With the advent of metal additive manufacturing, lattice materials - valued for their high stiffness-to-weight ratio - have become increasingly accessible for industrial applications. The inherently multiscale nature of these materials requires the use of specialized methods to study their mechanical behavior at the macroscopic scale. Data-driven methods have demonstrated improved efficiency compared to the FE² method, primarily due to their ability to capitalize on precomputed simulation results at the mesoscopic scale rather than recomputing them repeatedly. However, despite this advantage, building dense databases remains computationally expensive due to the 6-dimensionality of the strain space.

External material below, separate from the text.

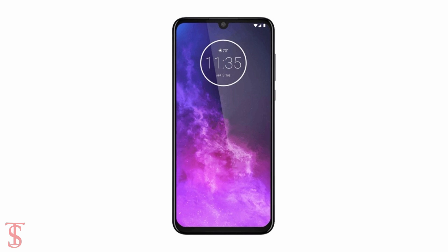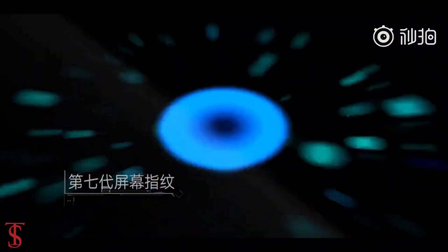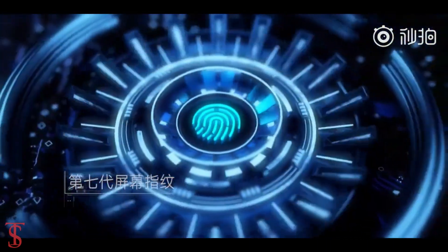According to the leaked image, the Motorola One Zoom will come with a waterdrop notch on the top center of the display, and it will be featured with an in-display fingerprint sensor.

Furthermore, it has been shown in the literature, and confirmed by previous work through the use of image-based models (often referred to as "as-manufactured" cell configuration), that the mechanical behavior of lattice materials is influenced by manufacturing variability.
To account for these effects without performing a full design of experiments (DOE) on image-based RVEs, we propose leveraging the rich database generated from the "as-designed" CAD-based RVEs as a foundation. A morphing process will be explored, based on a lighter DOE conducted on image-based RVEs, to approximate the mechanical behavior of the as-manufactured material. By using interpolation techniques, such as radial basis functions (RBFs) or other methods, with a limited number of simulations, we aim to approximate databases that account for geometric variations caused by manufacturing. This approach may reduce computational costs by avoiding exhaustive (and numerically unaffordable) recomputation.